She landed a sixth nomination in 1995 for her recurring guest spot on an iconic show from a different era, “Friends,” where she played the mother to Courteney Cox and David Schwimmer’s characters. (She didn’t win then, either.)

And now she’s back, playing a demanding has-been star in the web series from writer-director Cameron Watson, who spent time as a young actor working for an older British actress.

“We were having lunch one day, and I said, ‘We should do a web series,’” Pickles said. “And Cameron said, ‘Good idea, and I know what it should be.’ He had a movie script he had written based it on his experience as a young man, working with this bitch with a heart of gold.”

The web-series form, she said, is one that appeals to her. “It’s creative, and people have a lot to say,” she said. “It felt like the old days when you started, and you were part of the creative experience as a young actor. Nowadays everybody starts controlling it, so this was an extraordinary experience.”

She also found that the character was one she could relate to. “I grew up in England, and people there are pretty difficult,” she said. “They never say what they mean, and when they do it comes out harsh.

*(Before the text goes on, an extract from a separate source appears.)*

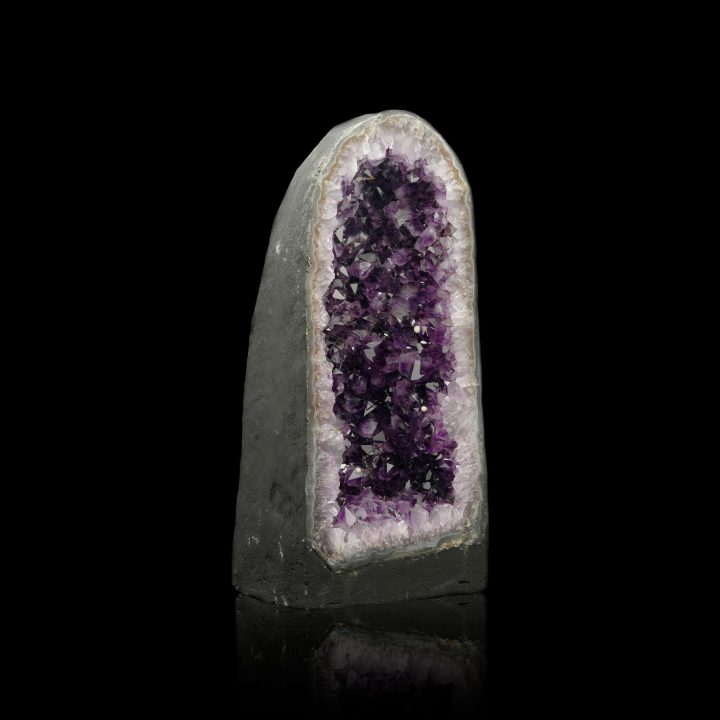 Amethyst Cathedral Geode – Brazilian Crystal Home Decor - Image 3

“But the character was also a lot like my mother: always saying the wrong thing and trying to push people around. And I think the meaner, the more desperate she is, the better. There’s a human being underneath there, but I have to not play it so much.”

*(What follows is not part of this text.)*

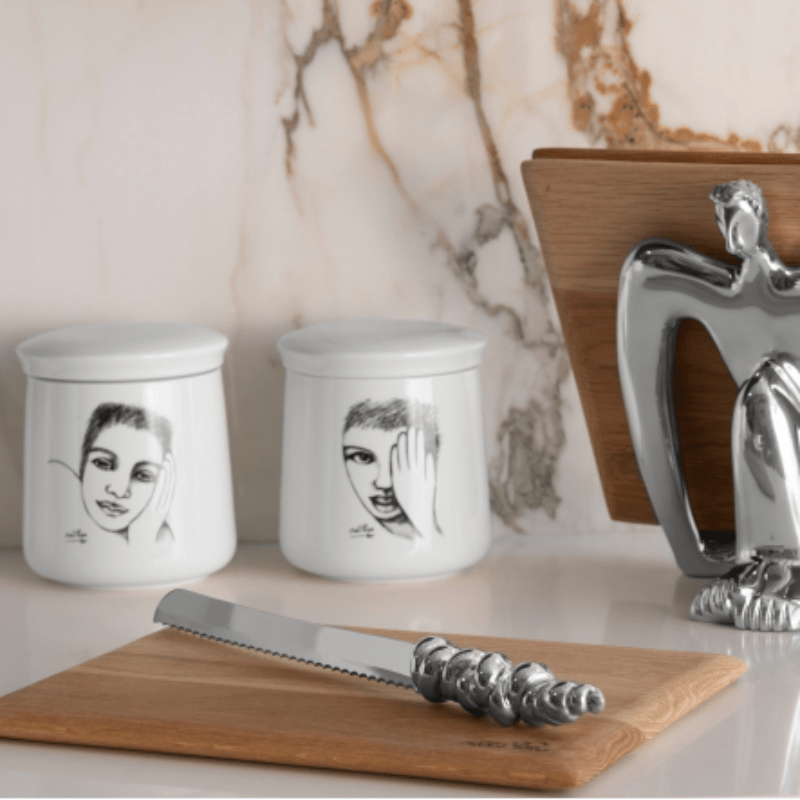 Carrol Boyes Canister Carrol Boyes Canister With Lid - Cover Girl 0P-CANL-COV (6966455009369)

The show’s second season will get “meaner and tougher and more desperate,” she promised. “It’s exciting to make something that relates to people now,” she added. “She lives in an apartment in Hollywood with a Murphy bed — she has no friends and she’s lonely and sad and feisty. And there are a lot of people like that, who feel loneliness and despair but cover it up.

“The show is based on human values, and I love that we can say all that and still be funny.”

As for her return to the Emmys decades after she was first there, Pickles said she had a simple goal: “To try and have a good time, which of course is impossible. Try to enjoy it and be in the moment, and it is nice to see your friends there — if you’re dressed properly and can relax.”

She smiled. “I think toward the end of my run as an Emmy nominee, I started to dress better. At the beginning I was overdressed and uncomfortable.”